The facts, we were led to believe, were that he was refusing to play and refusing to leave. He was everything that was wrong with football. Prepared to sacrifice his career for the short term riches that the lottery winning loot of a Premier League salary has offered up. There might be a truth in that, and if I was a Sunderland supporter, as many good friends are, I wouldn’t be happy that a player of his stature was unused while they dropped two divisions.
A far more visible presence on Netflix was the hapless Sunderland chief executive Martin Bain, for whom any sympathy was tempered by the fact that, like David Brent, he welcomed the cameras into his “behind the scenes” world. I’m going to cast an unpopular opinion in here; I’m as uncomfortable with the new exaltation of the senior management team at Rovers, and I winced at Tony Mowbray appearing without irony on a team picture of the “backroom team” tucked in behind Steve Waggott, the Bain of my club.
To be fair, I respect these guys have a vital job to do. And I’ll be honest, when Rodwell signed for Blackburn Rovers I wasn’t doing cartwheels at the prospect, given the collective failure of previous regimes. We’ve been had over by these types of footballer before. One of them now plies his trade on the Match of the Day sofa, ruling his moralistic eye over the footballing world, set up for life with the unearned income from a club in crisis. Obviously I don’t mean Alan Shearer.
In the last month we’ve seen the difference between Danny Murphy and Jack Rodwell. Rodwell has been towering in his appearances for us, and especially so against a dreadful Ipswich side yesterday. I’d suggest the motivation and management of a player of his obvious natural ability has been instrumental to his transformation. I have no idea how much he is paid, or what bonus structure he is on. I believe he’s on a year long contract. We get a glimpse of Mowbray’s management style when he speaks to the press and how he behaves on the sidelines. But what we see in Rodwell’s performances in central defence is of a manager who has found a purpose for a player who has physically changed since he made his mark for Everton as a creative midfielder.

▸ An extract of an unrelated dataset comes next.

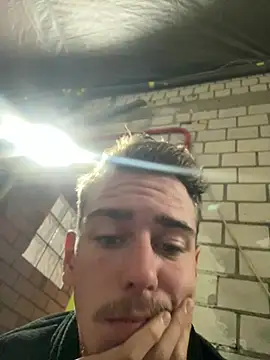 Chat +18 de viktorhorny05 ao vivo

Not only that, Rodwell looks hungry and determined. I love a centre half who is comfortable on the ball. Charlie Mulgrew has that, Rodwell too, and it’s a part of Darragh Lenihan’s game that is improving as he plays alongside either of these two.
For the first time this season yesterday, I sat through a match never in any doubt that Rovers would win comfortably. Paul Lambert’s Ipswich were a ragbag of journeymen artisans and broken men. Much like Paul Lambert’s Blackburn Rovers, to be fair. Every single Rovers player won his personal battles around the pitch, the one possible exception being James Collins putting a shift in at the back and matching Danny Graham in his weekly game of grapple. It should have been 5 or 6, frankly.
I over-confidently predicted that we’d finish 8th at the beginning of the season. To do that would involve getting beat a few times and suffering bad runs as well as enjoying good ones. That’s happened and will continue to do so. What is more, when we win it will be because good players like Rodwell, like Bradley Dack, like Lewis Travis, put in great performances, inevitably attracting the attention of bigger clubs. It’s a good position to be in, maybe not dramatic enough for a Netflix series, but it’ll do me.